## SUPPLIED DATA
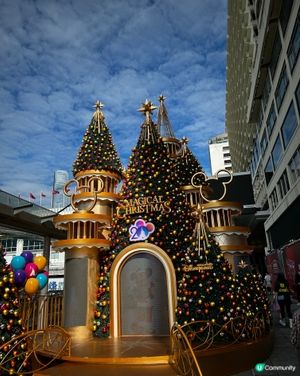 海港城 有9米高聖誕樹📸！上面是誰的耳朵？
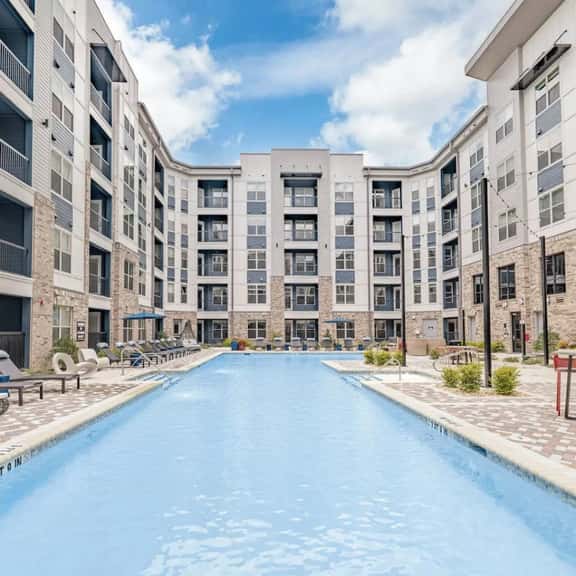 Grandview Apartment: Shops, Restaurants Nearby! - Image 1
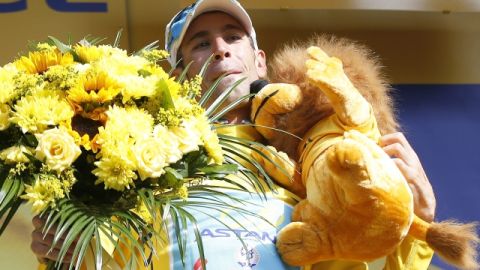 Vincenzo Nibali sigue los pasos de  su compatriota e ídolo Marco Pantani, el último italiano en ganar el Tour en 1998.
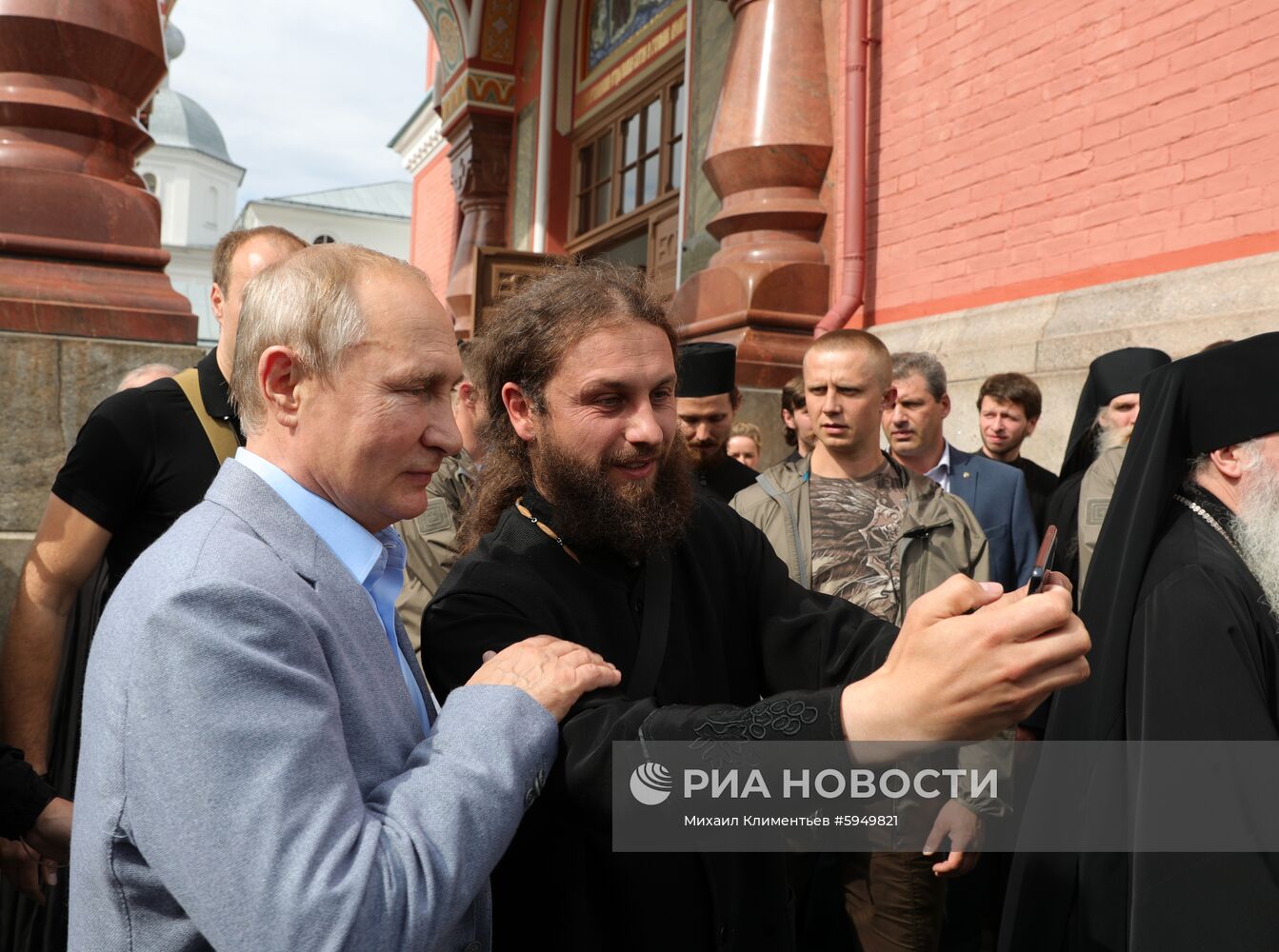 Президенты РФ и Белоруссии В. Путин и А. Лукашенко посетили Валаамский монастырь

## WORK INSTRUCTION
Omit the pictures, and quote the material above exactly as given.

## ANSWER TO THIS TASK
 海港城 有9米高聖誕樹📸！上面是誰的耳朵？
 Grandview Apartment: Shops, Restaurants Nearby! - Image 1
 Vincenzo Nibali sigue los pasos de  su compatriota e ídolo Marco Pantani, el último italiano en ganar el Tour en 1998.
 Президенты РФ и Белоруссии В. Путин и А. Лукашенко посетили Валаамский монастырь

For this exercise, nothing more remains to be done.